Problem statement =>
Only the lines below from the one containing "多彩抽象图案装饰画设计" to the one containing "Amazon.com: Full Size" should be repeated, both included and unchanged.

Entries shown =>
###

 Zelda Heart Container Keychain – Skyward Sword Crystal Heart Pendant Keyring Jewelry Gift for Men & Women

###

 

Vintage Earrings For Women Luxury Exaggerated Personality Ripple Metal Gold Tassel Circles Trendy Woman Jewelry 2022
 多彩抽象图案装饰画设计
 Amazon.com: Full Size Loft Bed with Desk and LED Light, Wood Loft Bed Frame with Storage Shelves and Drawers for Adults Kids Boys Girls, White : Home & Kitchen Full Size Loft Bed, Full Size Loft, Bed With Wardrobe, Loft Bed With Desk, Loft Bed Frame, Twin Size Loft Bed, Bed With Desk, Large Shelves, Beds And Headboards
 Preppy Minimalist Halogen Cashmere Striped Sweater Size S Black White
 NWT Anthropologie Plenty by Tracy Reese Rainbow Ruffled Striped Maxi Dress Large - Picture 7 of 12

###

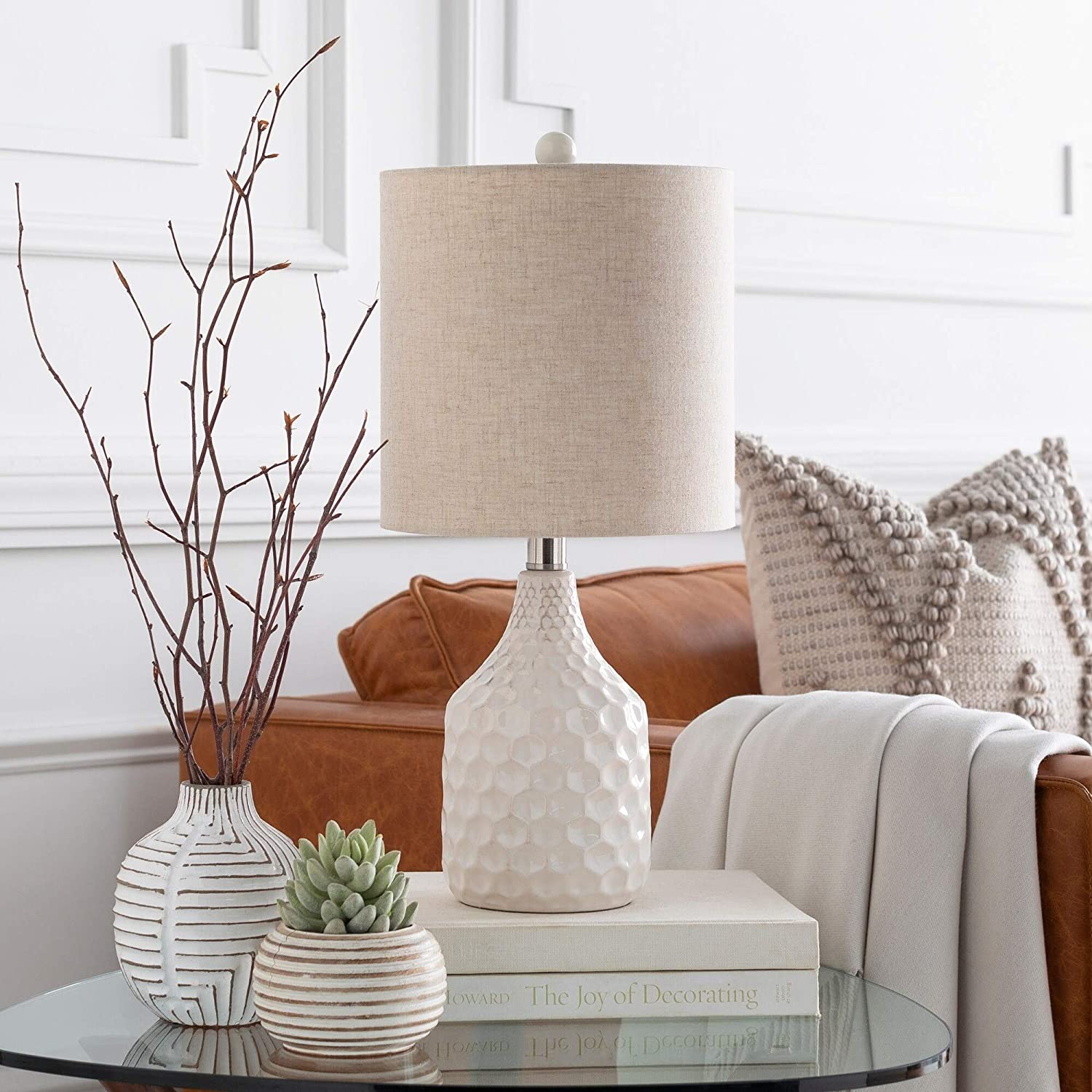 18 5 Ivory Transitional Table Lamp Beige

###

Expected output =>
 多彩抽象图案装饰画设计
 Amazon.com: Full Size Loft Bed with Desk and LED Light, Wood Loft Bed Frame with Storage Shelves and Drawers for Adults Kids Boys Girls, White : Home & Kitchen Full Size Loft Bed, Full Size Loft, Bed With Wardrobe, Loft Bed With Desk, Loft Bed Frame, Twin Size Loft Bed, Bed With Desk, Large Shelves, Beds And Headboards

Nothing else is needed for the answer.